From my experience, just indicating a UDP datagram up to NDIS can require you to have over 4K of kernel stack available on x86, or you risk taking a double fault and causing the system to bugcheck.

For example, here’s a portion of the stack that I ran into while debugging an unrelated problem at the Vista compatibility lab:

0: kd> k100
ChildEBP RetAddr
818e6bdc 818ad19b RtlpBreakWithStatusInstruction
818e6c2c 818adc08 KiBugCheckDebugBreak+0x1c
818e6fdc 8184845e KeBugCheck2+0x5f4
818e6fdc 81871d35 KiTrap08+0x75
9c9cb084 8186dd14 SepAccessCheck+0x1e0
9c9cb0e0 81887907 SeAccessCheck+0x1a4
9c9cb51c 8715474c SeAccessCheckFromState+0xe4
9c9cb55c 871546d6 CompareSecurityContexts+0x47
9c9cb57c 87153b1a MatchValues+0xd4
9c9cb59c 87153aa7 CheckEqualConditionEnumMatch+0x3f
9c9cb63c 87153a1b MatchConditionOverlap+0x72
9c9cb660 87153774 FilterMatchEnum+0x6c
9c9cb674 8715948b FilterMatchEnumVisible+0x28
9c9cb6ac 87159520 IndexHashFastEnum+0x4d
9c9cb6f8 87158624 IndexHashEnum+0x139
9c9cb724 87159362 FeEnumLayer+0x7a
9c9cb7ac 87159b16 KfdGetLayerActionFromEnumTemplate+0x50
9c9cb7cc 8d6af9e4 KfdCheckAndCacheAcceptBypass+0x27
9c9cb8c4 8d6afc87 CheckAcceptBypass+0x146
9c9cb9a0 8d6b185d WfpAleAuthorizeReceive+0x82
9c9cba08 8d6ad542 WfpAleConnectAcceptIndicate+0x98
9c9cba74 8d6ad432 ProcessALEForTransportPacket+0xc5
9c9cbaf0 8d6ae6b3 ProcessAleForNonTcpIn+0x6f
9c9cbd28 8d6b0df0 WfpProcessInTransportStackIndication+0x2ab
9c9cbd78 8d6b0ae0 InetInspectReceiveDatagram+0x9a
9c9cbdfc 8d6b091c UdpBeginMessageIndication+0x33
9c9cbe44 8d6aecf3 UdpDeliverDatagrams+0xce
9c9cbe90 8d6aec40 UdpReceiveDatagrams+0xab
9c9cbea0 8d6acdd4 UdpNlClientReceiveDatagrams+0x12
9c9cbecc 8d6acba4 IppDeliverListToProtocol+0x49
9c9cbeec 8d6acad3 IppProcessDeliverList+0x2a
9c9cbf40 8d6ab443 IppReceiveHeaderBatch+0x1da
9c9cbfd0 8d6ac61d IpFlcReceivePackets+0xc06
9c9cc04c 8d6abf36 FlpReceiveNonPreValidatedNetBufferListChain
9c9cc074 8727b0b0 FlReceiveNetBufferListChain+0x104
9c9cc0a8 8726d737 ndisMIndicateNetBufferListsToOpen+0xab
9c9cc0d0 8726d6ae ndisIndicateSortedNetBufferLists+0x4a
9c9cc24c 871b53c3 ndisMDispatchReceiveNetBufferLists+0x129
9c9cc268 872802c4 ndisMTopReceiveNetBufferLists+0x2c
9c9cc2b4 b0a3fb4d ndisMIndicatePacketsToNetBufferLists+0xe9
From ndisMIndicatePacketsToNetBufferLists to where the system double faulted (in my case) inside of SeAccessCheck, a whopping
4656 bytes
of kernel stack were consumed.

So, now is the time to slim down your stack usage in your NDIS-related drivers, or you might be in for some unpleasant surprises when your drivers are used in conjunction with multiple third party IM drivers or the like (even better, you might investigate switching away from IM drivers and to the new filtering architecture).
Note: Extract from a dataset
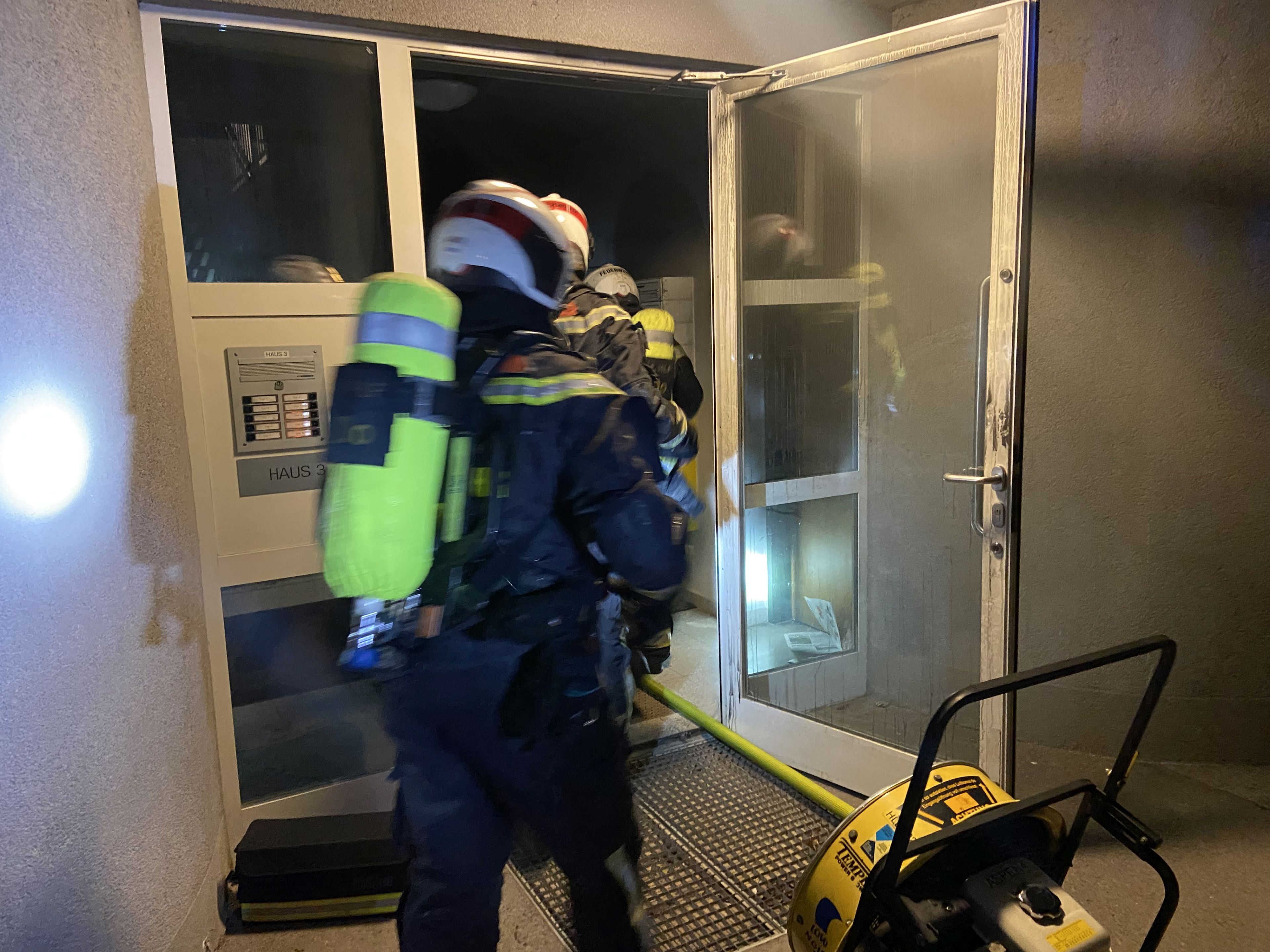 Berufsfeuerwehr Wien rettete Bewohner aus verrauchtem Haus.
You should also be especially wary of any code that loops a packet that might potentially go back into tcpip.sys in a receive calling context (or any other context where you might have limited stack space available), as this can prove an unexpectedly expensive operation on Vista (and potentially beyond).
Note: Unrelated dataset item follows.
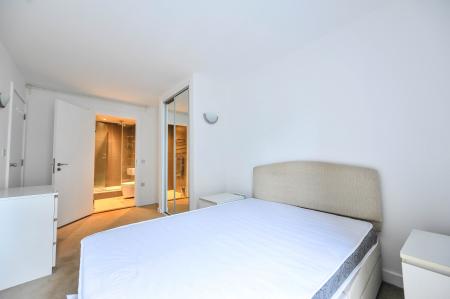 2 bedroom Flat to let in Station Approach, Hayes, UB3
Oh, and a tip for finding stack hog functions with stack overflow problems: Use the ‘f’ flag with the ‘k’ command in WinDbg. For example:

0: kd> knf
 #   Memory  ChildEBP RetAddr
00           818e6bdc 818ad19b RtlpBreakWithStatusInstruction
01        50 818e6c2c 818adc08 KiBugCheckDebugBreak+0x1c
02       3b0 818e6fdc 8184845e KeBugCheck2+0x5f4
03         0 818e6fdc 81871d35 KiTrap08+0x75
This has the debugger compute the stack (arguments + locals) usage at each call frame point for you, saving you a bit of work with the calculator.